Nicosia, Jun 11 (CNA) -- Time is running out for the Cyprus peace effort and there is now an urgent need to make progress towards a negotiated settlement, President Glafcos Clerides and Britain's representative for Cyprus Lord David Hannay believe.

Speaking after a working breakfast here today the President hosted for Hannay, Government Spokesman Michalis Papapetrou said the former had the opportunity to outline his assessment of the ongoing direct talks he has been engaged in for the past six months.

"The President and Lord Hannay reviewed the course of the talks and they reiterated their belief that time is running out and that now, more than ever before, there is an urgent need to make progress towards a settlement," Papapetrou said.|

He said that during the course of conversation with Hannay, the President, once more, backed his argument that the Greek Cypriot side is doing everything possible and shows every possible flexibility to bring the talks to a successful conclusion.

"Any negative outcome of the talks or the non-satisfactory result so far cannot be blamed on the Greek Cypriot side in any way," the spokesman stressed.

Asked why President Clerides felt the need to point this out to Hannay, he said this is a pivotal part of the strategy of the Greek Cypriot side, which should be highlighted at every given opportunity, together with the desire to solve the Cyprus question, in case the current peace effort fails due to Turkish intransigence.

Replying to questions, Papapetrou said Hannay briefed the President about his recent meetings in Ankara and London's moves and efforts with regard to the peace process.

The British diplomat, the spokesman added, said that Britain is working closely with the US, the European Union and the UN on Cyprus.
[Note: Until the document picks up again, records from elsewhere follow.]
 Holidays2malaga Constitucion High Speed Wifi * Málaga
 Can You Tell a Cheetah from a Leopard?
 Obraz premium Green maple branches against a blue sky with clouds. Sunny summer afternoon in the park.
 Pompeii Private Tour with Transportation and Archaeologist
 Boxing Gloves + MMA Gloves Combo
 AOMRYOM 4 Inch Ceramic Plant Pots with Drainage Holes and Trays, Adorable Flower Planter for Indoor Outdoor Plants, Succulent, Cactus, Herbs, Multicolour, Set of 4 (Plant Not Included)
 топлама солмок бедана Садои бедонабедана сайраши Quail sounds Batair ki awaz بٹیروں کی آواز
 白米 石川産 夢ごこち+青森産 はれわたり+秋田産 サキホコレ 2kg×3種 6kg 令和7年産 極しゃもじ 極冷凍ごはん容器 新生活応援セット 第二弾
He said Hannay brought "absolutely nothing" with him, when asked if the British envoy had any solution plan in his luggage.

Questioned on the peace talks, Papapetrou, who participates as a member of President Clerides' negotiating team, said that today's meeting will be "indicative" of how things are moving.
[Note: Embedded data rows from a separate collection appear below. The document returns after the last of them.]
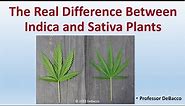 The Real Difference Between Indica and Sativa Plants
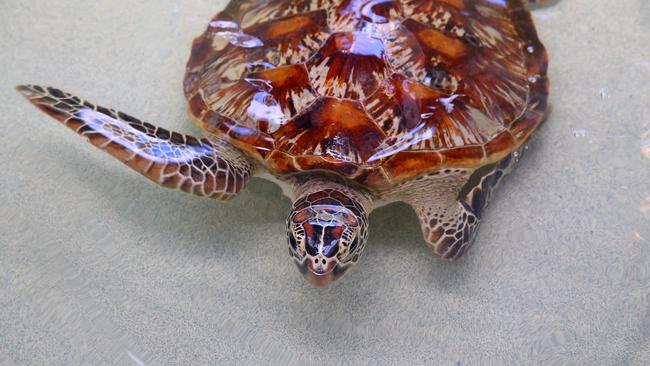 Six of the world's seven species of marine turtle can be found off the Queensland coast, with five of these species listed as vulnerable, endangered or critically endangered by the International Union for the Conservation of Nature and Natural Resources. Picture: Eco Barge Clean Seas.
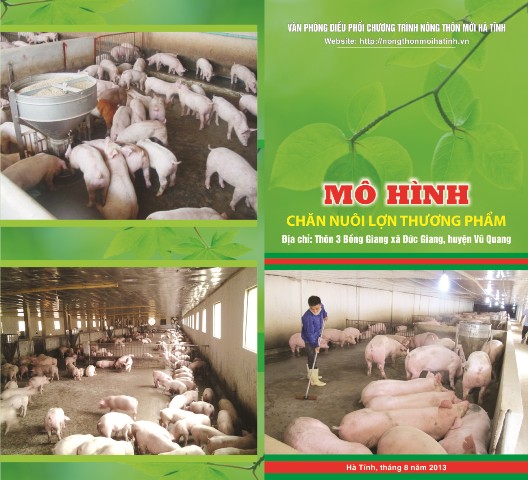 MÔ HÌNH  CHĂN NUÔI LỢN THƯƠNG PHẨM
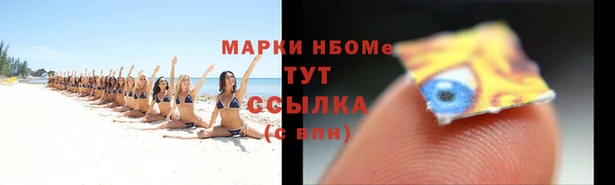 эйфоретик Баксан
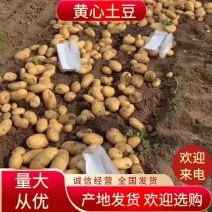 河北黄心黄皮土豆大量供应中量大从优欢迎来电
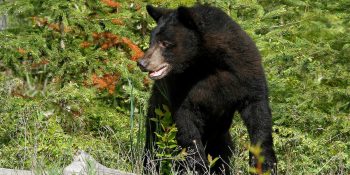 Remain “Bear Aware” when camping and hiking in Colorado bear country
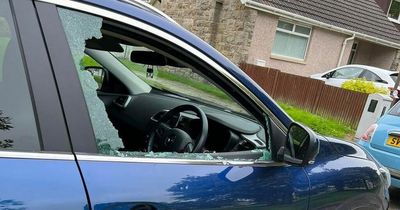 Callous thieves steal Scots woman's blue badge after smashing car window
"From now on, time constraints are becoming very limited and every meeting we have and every minute is crucial," he said.
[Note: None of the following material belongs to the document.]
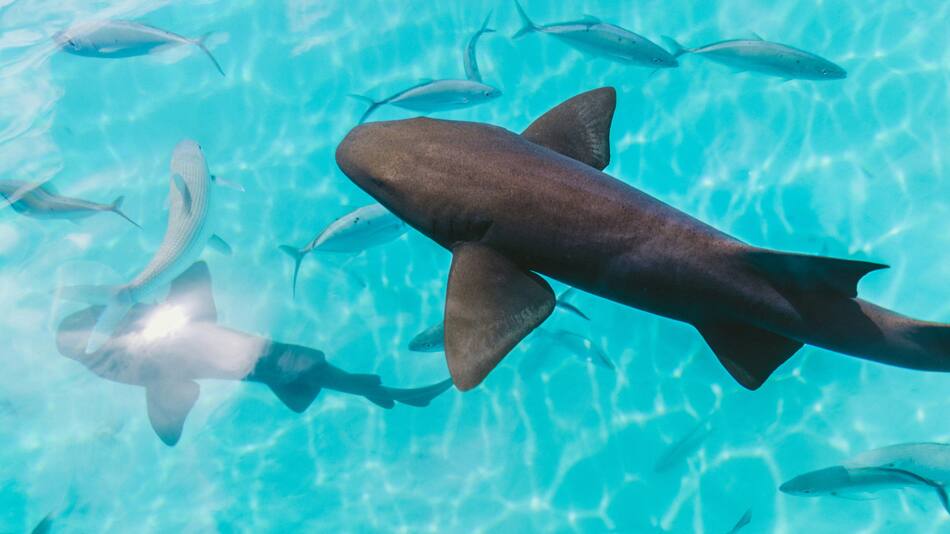 Tiburones. Foto: Unsplash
Talks are meant to reach some kind of agreement on the core issues (governance, security, territory, property) by the end of June, described as a target date by all interested parties. So far there is no indication that a tangible outcome from the talks is feasible.

Turkish troops have been occupying 37 per cent of its territory since 1974 in violation of repeated UN resolutions calling for their withdrawal.